I spent a day at another salvage yard and covered the bed of my lwb truck with various 3 phase cutoff boxes, electronics enclosures, on / off switches, contacts, etc. I believe I paid 50 for the entire lot. I also salvaged large capacitors from many different air conditioning equipment and industrial machines while there.

I set up the phase converter to be a push button start using the capacitors and a momentary contact pushbutton. The momentary button supplied the power to an electrical contactor, that when applied, connected one leg of the stepped up 480V to the dead leg of the motor using the capacitors to shift the phase for starting. Same principle as a static "phase converter" box. The pushbutton is held in while the main switch is thrown. It takes about a half second for the motor to reach full rpm, at which time you release the button, dropping the capacitors out and the motor continues to run on the two legs.

The transformers stepped up the 220V Single Phase to 480V Single Phase. I used one transformer per leg, for a total of two transformers. There was probably a more simple way, but this worked well.

Once the 480 Volt motor was running, it produced the third leg of the 3 phase power.

I have attached pictures of the set up and the frame I welded together to house it.

I liked the way this worked so well that I next set up my previous rope start rotary phase converter to a push button capacitive start as my next project.


----------



## Alan Douglas (Dec 8, 2012)

It looks good.  I made something similar but lower power, for a 550V motor in my Hardinge UM mill.  I used a single step-up autotransformer to get 480V, and then a 480V 3-phase motor to generate the missing phase.  The 550V motor runs fine on 480V, for the small projects I use it for.


----------



## Turbo67 (Dec 8, 2012)

Alan Douglas said:


> It looks good.  I made something similar but lower power, for a 550V motor in my Hardinge UM mill.  I used a single step-up autotransformer to get 480V, and then a 480V 3-phase motor to generate the missing phase.  The 550V motor runs fine on 480V, for the small projects I use it for.




Thanks!

I had to google the autotransformer you mentioned. I did not know that design existed, I have always thought of transformers as having primary and secondary windings and electrical isolation.

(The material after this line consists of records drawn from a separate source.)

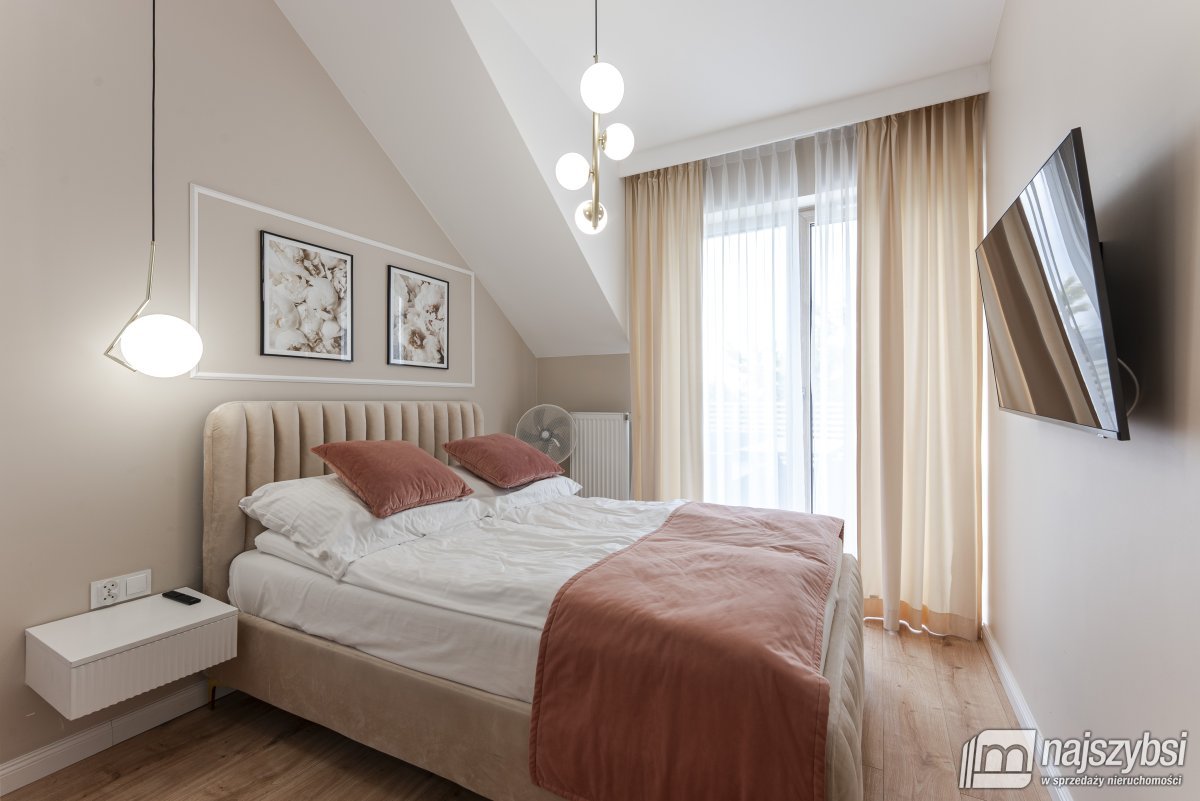 SIANOŻĘTY-APARTAMENT DWUPOZIOMOWY 600m OD MORZA ! (6)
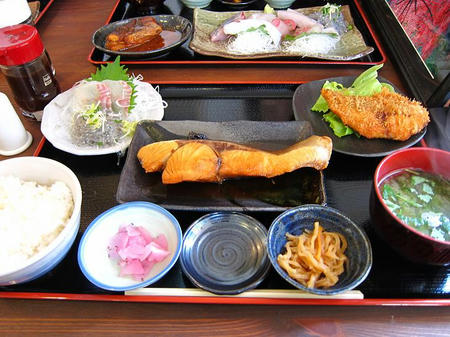 めしや 大磯港 煮魚定食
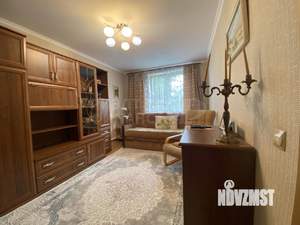 4-к квартира, вторичка, 104м2, 3/3 этаж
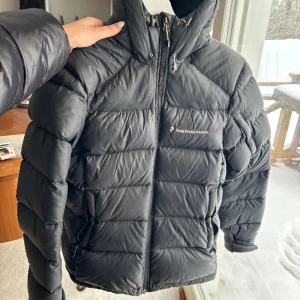 Peak performance jacka - I en pågående flytt säljer jag nu en fin peak performance jacka som är köpt för ett antal år sedan. I använt skick men fortfarande fin.  Köpare står för frakt. 🩷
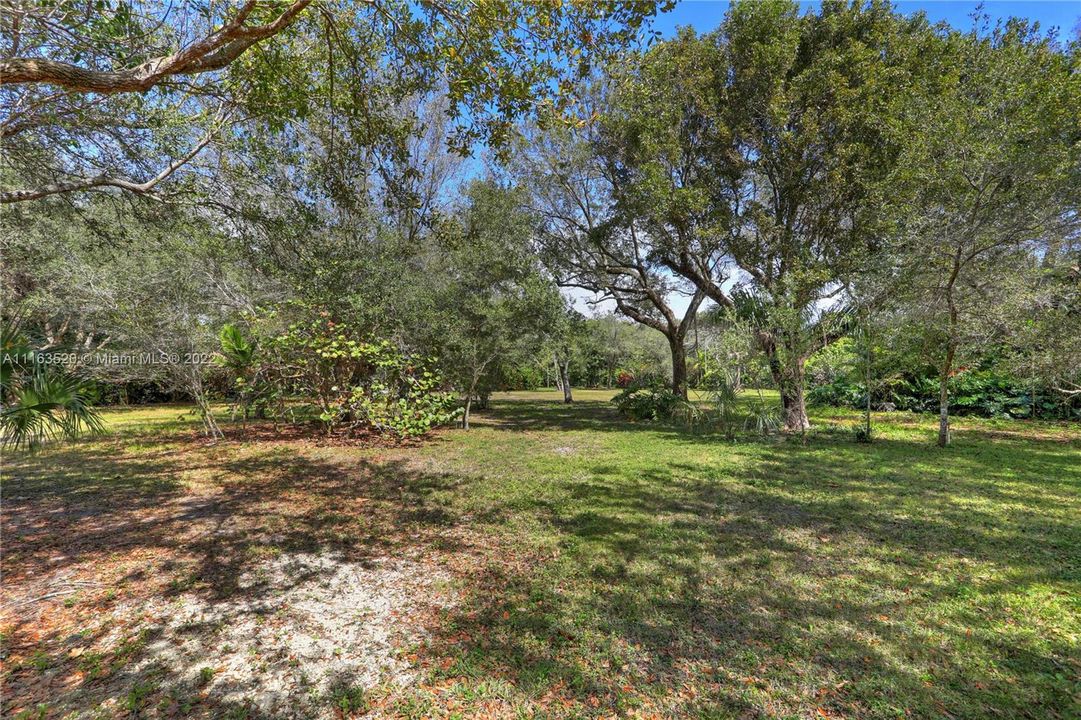 Vendido Recientemente: $1,325,000 (0.98 acres)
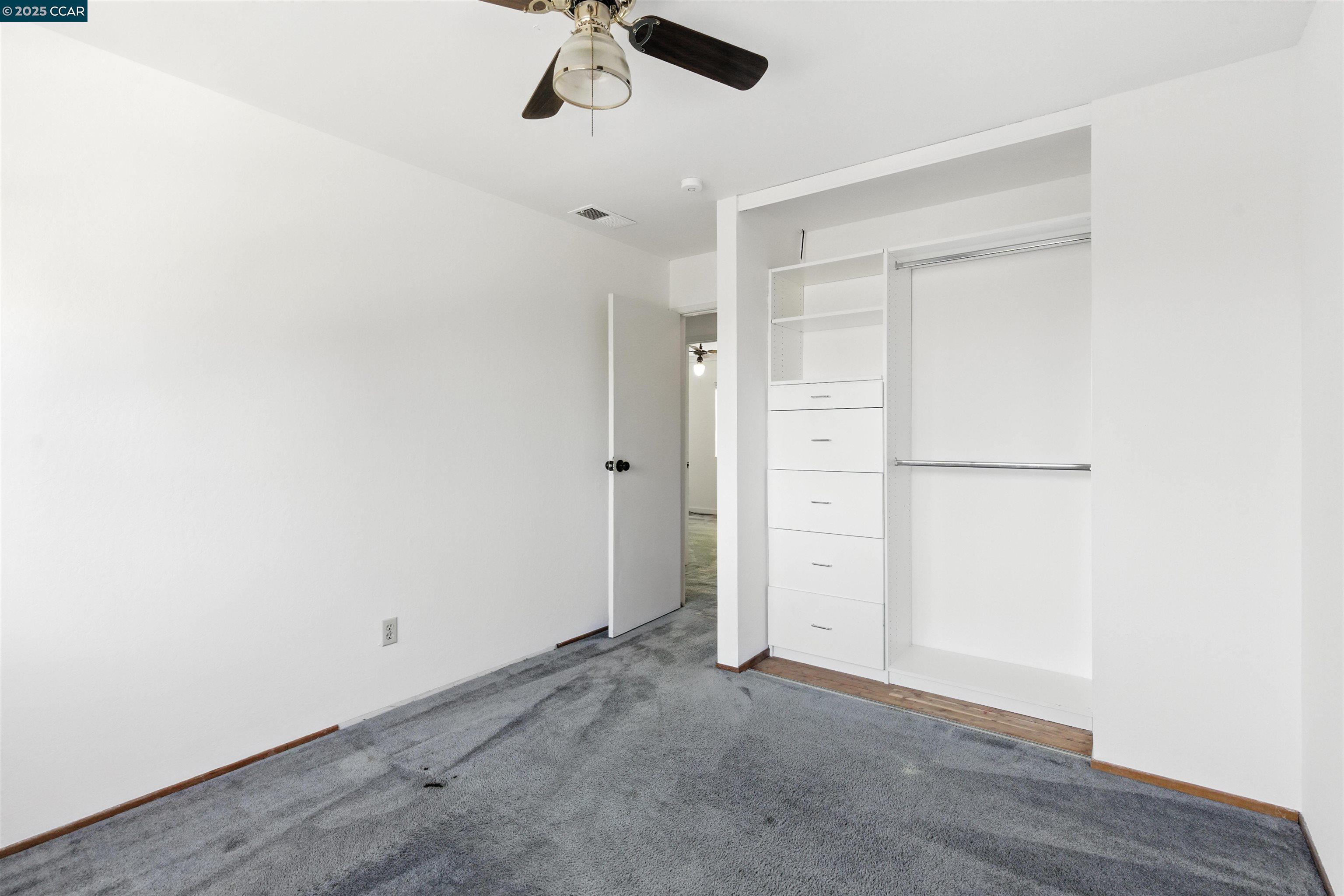 Detail Gallery Image 28 of 30 For 944 Natchez Ct, Walnut Creek,  CA 94598 - 5 Beds | 2/1 Baths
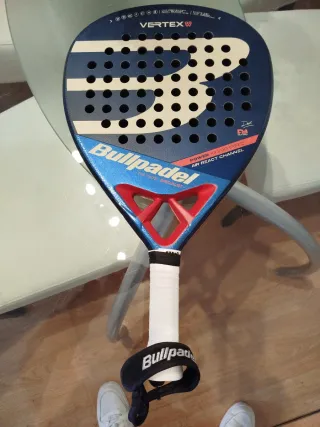 Pala Bullpadel Vertex 03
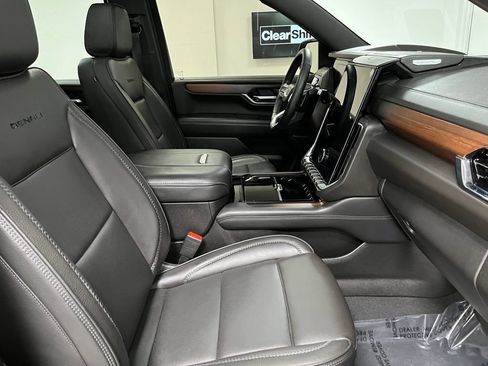 Used 2026 GMC Yukon XL Denali w/ Sun & Power Step Package AWD/4WD image 58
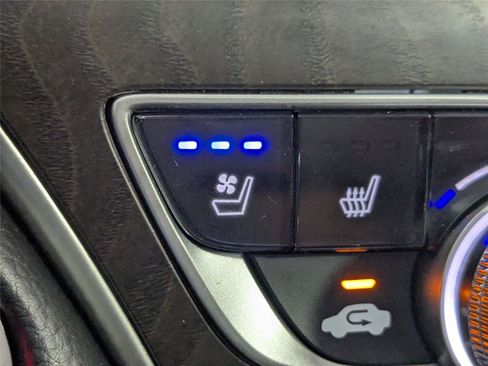 Used 2020 Honda Accord Touring image 19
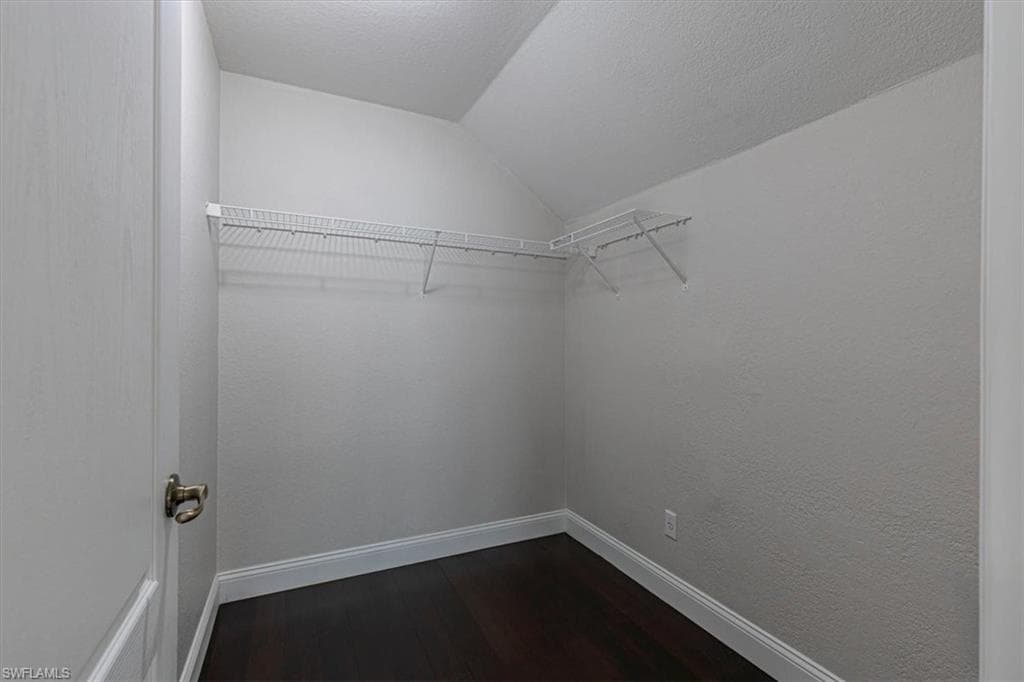 12093 Country Day Cir, Fort Myers, FL 33913-22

It is amazing to me that electrical stuff will work well out of the normal range of voltage. For instance, I wired a number of 270 volt fluorescent lights in my workshop to 240V. These lights are intended to run off the 270V line of three phase current. They work just as well on 240! They have been up for about 8 years now on the same bulbs.


----------



## Alan Douglas (Dec 8, 2012)

Yes, if you don't need the isolation, it saves copper.  Besides I happened to have it (and a couple more as I recall).


----------



## Starlight Tools (Dec 8, 2012)

Turbo 67

Nice looking unit and well made.

May I suggest one thing though, the two input lines to the RPC, must be through a Magnetic switch.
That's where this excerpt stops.